When the recruitment of underage female students who were killed in ill-advised encounters with government troops or raped by sex-starved communist “kumanders” in the mountains (or both) was exposed and investigated in Congress, the self-proclaimed guardians of female virtue in the House of Representatives were not only silent, they even justified the acts.
When now Representative Leila de Lima admitted to having stolen someone’s husband and being handfed “saba” (big banana) inside her car, attributing this to the hackneyed phrase “frailties of a woman,” not a peep was heard from the same partylist whose members style themselves as the moral police.
When a female recruit of the Kabataan partylist cried “rape,” they covered it up and said the probe should proceed internally (no pun intended).
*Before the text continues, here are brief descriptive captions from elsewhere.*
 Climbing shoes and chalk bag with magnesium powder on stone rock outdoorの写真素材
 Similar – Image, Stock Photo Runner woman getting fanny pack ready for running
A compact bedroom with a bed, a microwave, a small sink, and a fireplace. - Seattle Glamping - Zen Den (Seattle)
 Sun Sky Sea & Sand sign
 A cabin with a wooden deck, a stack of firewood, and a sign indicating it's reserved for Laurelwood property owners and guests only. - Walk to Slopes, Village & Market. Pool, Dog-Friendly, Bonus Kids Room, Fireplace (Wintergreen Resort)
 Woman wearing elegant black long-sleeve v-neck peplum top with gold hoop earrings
And then nothing was ever heard about it again.
But when I defended Rep. Bong Suntay, who used Anne Curtis as an example, not to disrespect her (one must know the context of Suntay’s speech to appreciate this), but to paint in big and bold relief the fact that one cannot be made legally accountable for something one thinks or imagines, I am a “manyak”? What gall!
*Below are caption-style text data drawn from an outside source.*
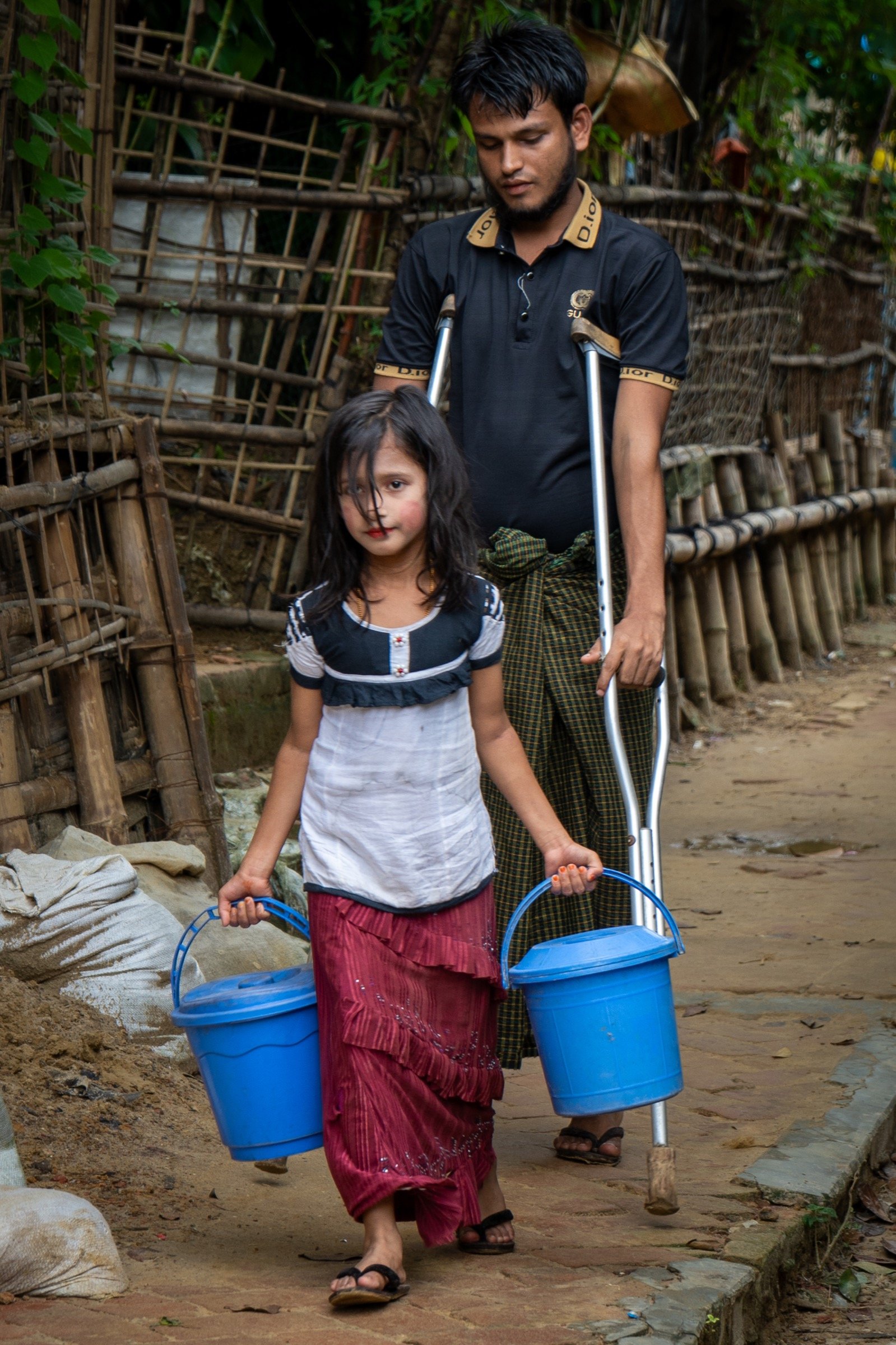 A man on crutches and a child with blue buckets near a camp water point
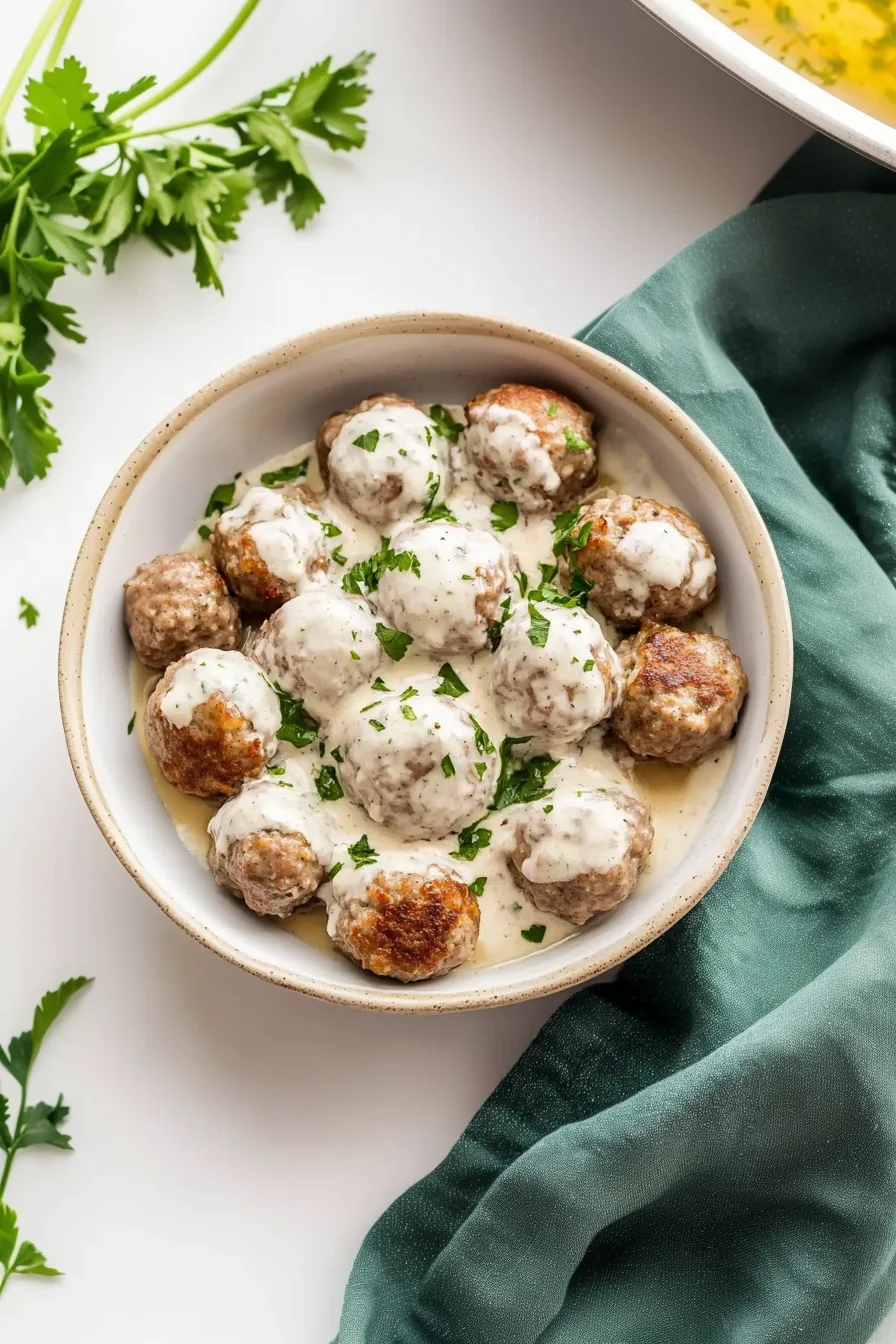 Homestyle comfort dish featuring meatballs topped with white sauce and parsley.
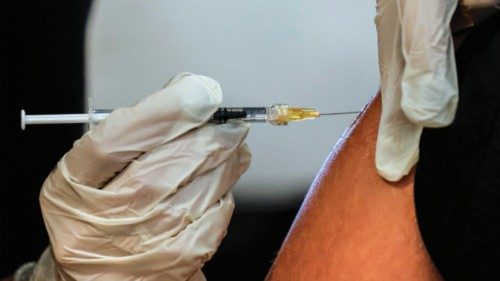 Health workers administer a Pfizer COVID-19 vaccine booster shot at the COVID-19 vaccination hub of ... Health workers administer a Pfizer COVID-19 vaccine booster shot at the COVID-19 vaccination hub of ...
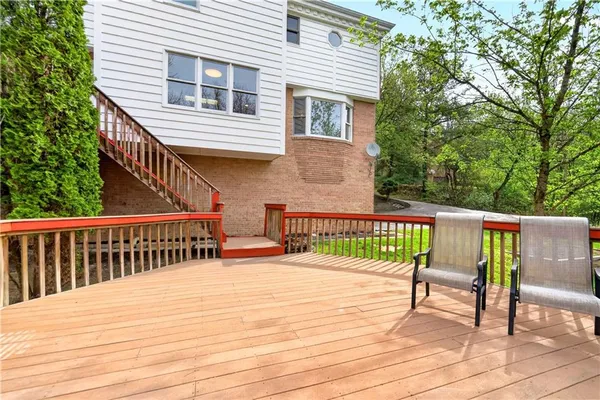 a balcony with wooden floor and outdoor seating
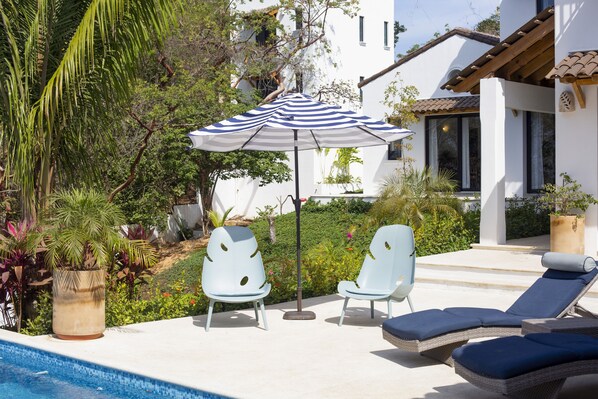 A poolside area with two lounge chairs, a striped umbrella, and a potted plant.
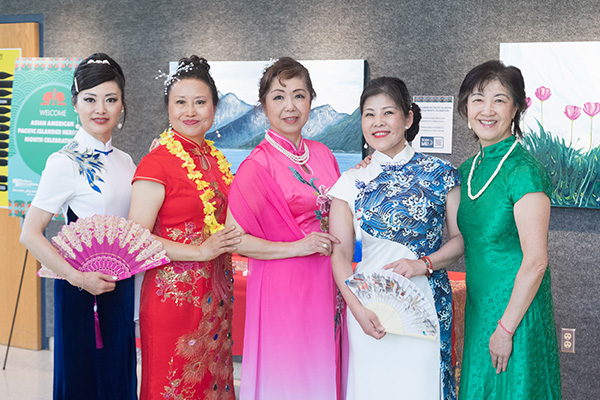 Five smiling women pose in an art gallery wearing traditional Chinese cheongsam dresses. Two are holding fans.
What I said — and anyone can check this out on the internet — was that, to be candid, even if one sees a woman and thinks of molesting her, that is not a crime — that is a legal truth.
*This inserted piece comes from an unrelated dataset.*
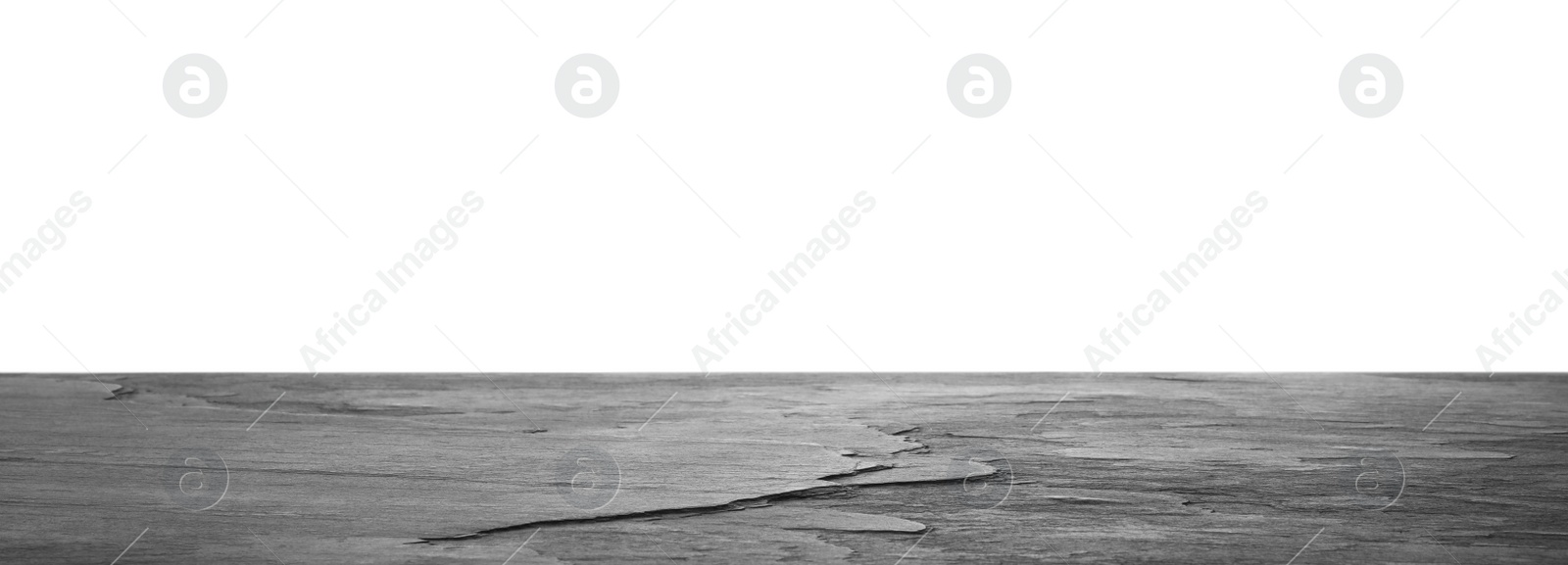 Photo of Empty black stone surface isolated on white. Mockup for design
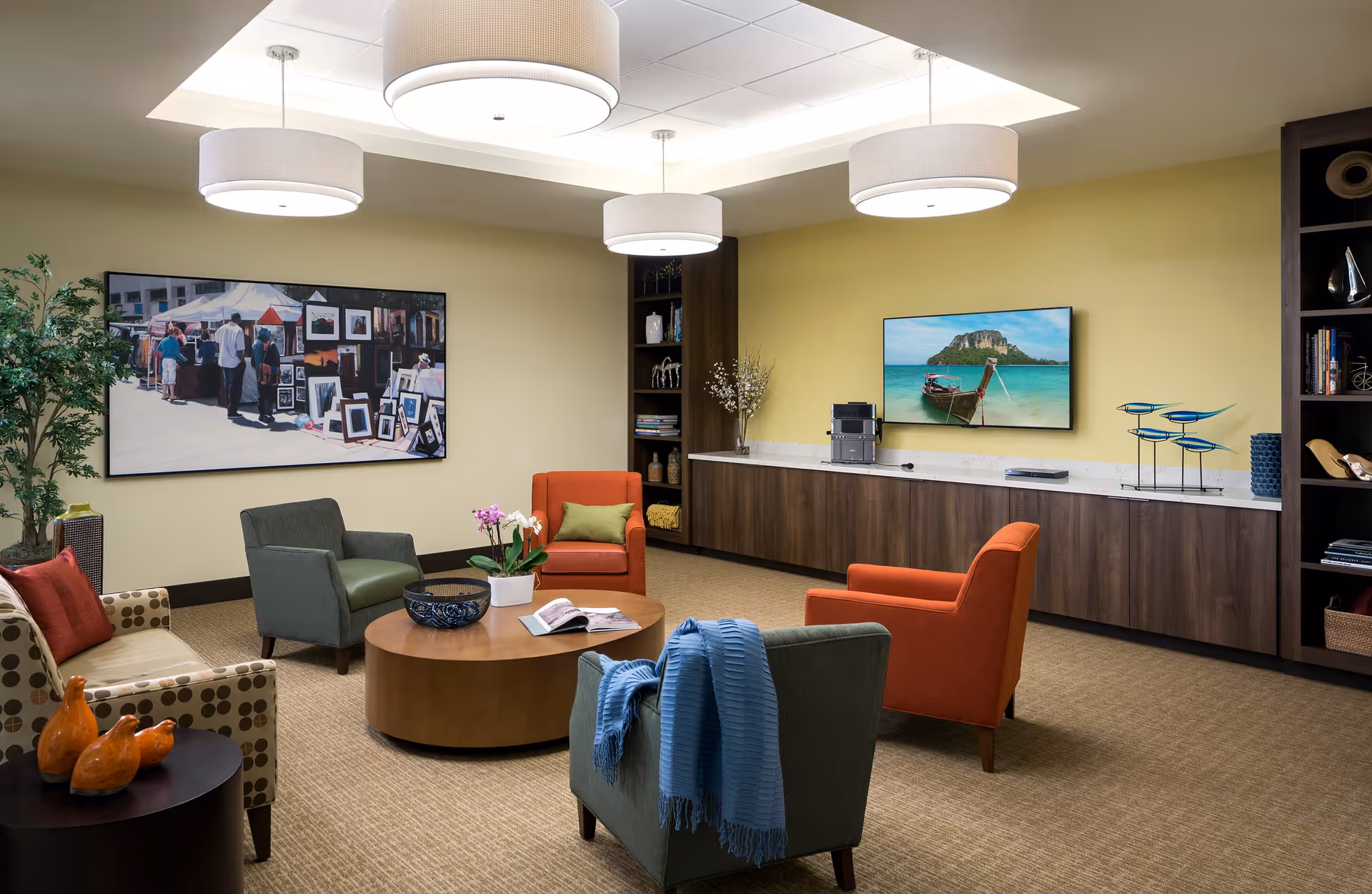A cozy living room area with a round wooden coffee table in the center, surrounded by four armchairs in various colors including orange, green, and patterned beige. The room has a beige carpet and light yellow walls. On one wall, there is a large framed photograph of people at an outdoor art market, and on the opposite wall, a flat-screen TV displays a scenic beach with a boat and island. The room is well-lit with three modern ceiling lights, and there are built-in wooden cabinets and shelves with decorative items and books.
Freedom of thought is absolute. In the same way that believing that Communism is the best form of government for the Philippines is not legally actionable. Now, once you cross the line and begin acting on your beliefs by trying to topple the government, that is another matter. You could be held liable. Just like some of those bogus nationalistic (kuno) partylists in the House are doing, either directly or indirectly.
I know that what irked this pretentious women’s group is that I made an example of one of their members, Sarah Elago, when I said that she also aroused some desire in me. But these mentally challenged people wouldn’t recognize sarcasm if it hit them in the face like a sledgehammer. I was mocking her (as I have been wont to do), one who claims to be the champion of the uring manggagawa and the maralitang tagalungsod, strutting her stuff on the cover of magazines, looking all dolled up with makeup and designer clothes.
Which brings me to the hypocrisy and gaslighting of these people. Not only do they enable the abuse of women when it suits their purpose, but they tolerate it when it suits their politics. My client Cassandra Li Ong’s sex life was irrelevantly and irreverently made the subject of the QuadComm, but did you hear even a murmur of protest or shouts of “misogyny” from these characters?
As for me, I have assisted so many rape and abuse victims — even appearing in a Senate hearing on their behalf — and have publicly spoken out against the trend in beauty pageants (especially the swimsuit competition) of treating contestants like pieces of meat, and I’m the bastos?
Fortunately, the people are now sufficiently informed not to believe the propaganda of these poxes on the House. Their hypocrisy has been exposed, their sanctimony laid bare. They can no longer hide behind their self-righteous lines as their fakery is as obvious as their biases. Ang fake-fake nila!